Which brings us to autism. McCarthy is still claiming that there is a link between vaccines and autism. However that is simply not true. Again and again and again and again this has been shown. McCarthy asks us to talk to families of people who have children with autism. That’s certainly a good place to start, but it’s the first step to an answer, not the last. Anecdotes are not data. We know people are subject to dozens of different biases that lead them down the wrong path when trying to determine cause and effect. That’s why medical studies are done so carefully, to make sure we aren’t fooling ourselves. And the studies clearly show no connection between vaccines and autism.
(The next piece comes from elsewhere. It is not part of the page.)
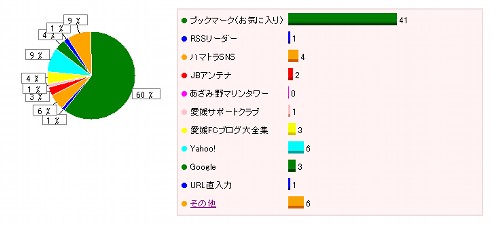 このブログには何からたどってきますか？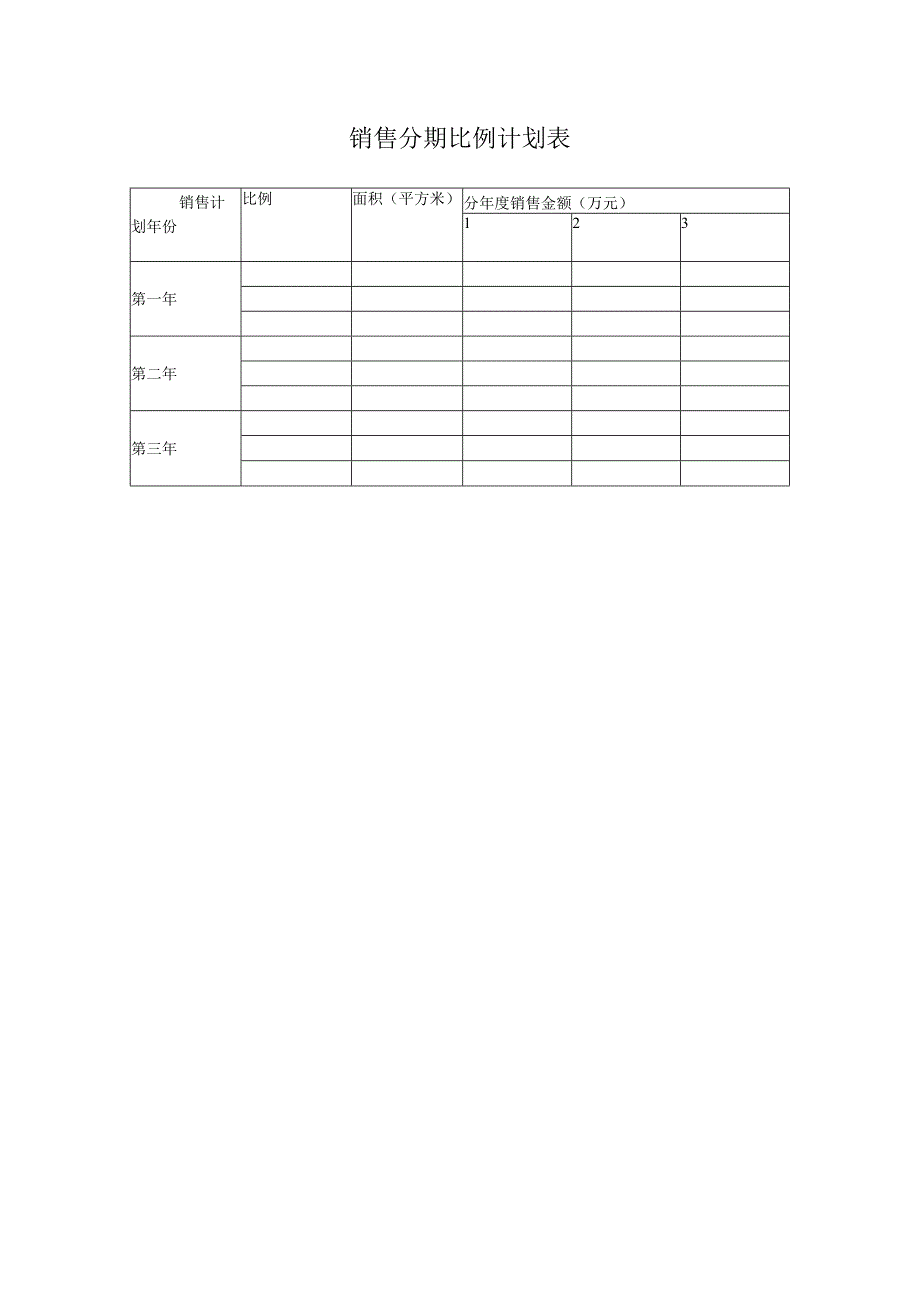 销售分期比例计划表.docx_第1页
And finally, let’s take a step back and look at the claim that she’s not anti-vax itself. Jeffrey Kluger is a science writer for Time magazine. He interviewed McCarthy in 2009 about this issue, and she mentions that interview in her op-ed piece. Kluger disagrees vehemently with what she wrote in the op-ed, to say the very least.

I can see why. Here is what she writes in the op-ed:

“People have the misconception that we want to eliminate vaccines,” I told Time magazine science editor Jeffrey Kluger in 2009. “Please understand that we are not an anti-vaccine group. We are demanding safe vaccines. We want to reduce the schedule and reduce the toxins.”

But Kluger points out that she left the last line out of that quotation. Here’s the whole thing:

People have the misconception that we want to eliminate vaccines. Please understand that we are not an antivaccine group. We are demanding safe vaccines. We want to reduce the schedule and reduce the toxins. If you ask a parent of an autistic child if they want the measles or the autism, we will stand in line for the f–king measles.

Huh. That last line rather changes the tone of her position considerably, wouldn’t you agree? That’s a difficult stance to square with someone who is not anti-vaccine. As Kluger points out, her entire premise is false; since vaccines don’t cause autism, no one has to make the choice between measles (and other preventable, dangerous diseases) and autism.

Kluger finishes with this:

Jenny, as outbreaks of measles, mumps and whooping cough continue to appear in the U.S.—most the result of parents refusing to vaccinate their children because of the scare stories passed around by anti-vaxxers like you—it’s just too late to play cute with the things you’ve said. You are either floridly, loudly, uninformedly antivaccine or you are the most grievously misunderstood celebrity of the modern era. Science almost always prefers the simple answer, because that’s the one that’s usually correct. Your quote trail is far too long—and you have been far too wrong—for the truth not to be obvious.

He’s right. She has gone on and on and on and on and on and on about it. She can claim all she wants that she’s not anti-vax, but her own words show her to be wrong.

Anti-vax is as anti-vax does. And she does.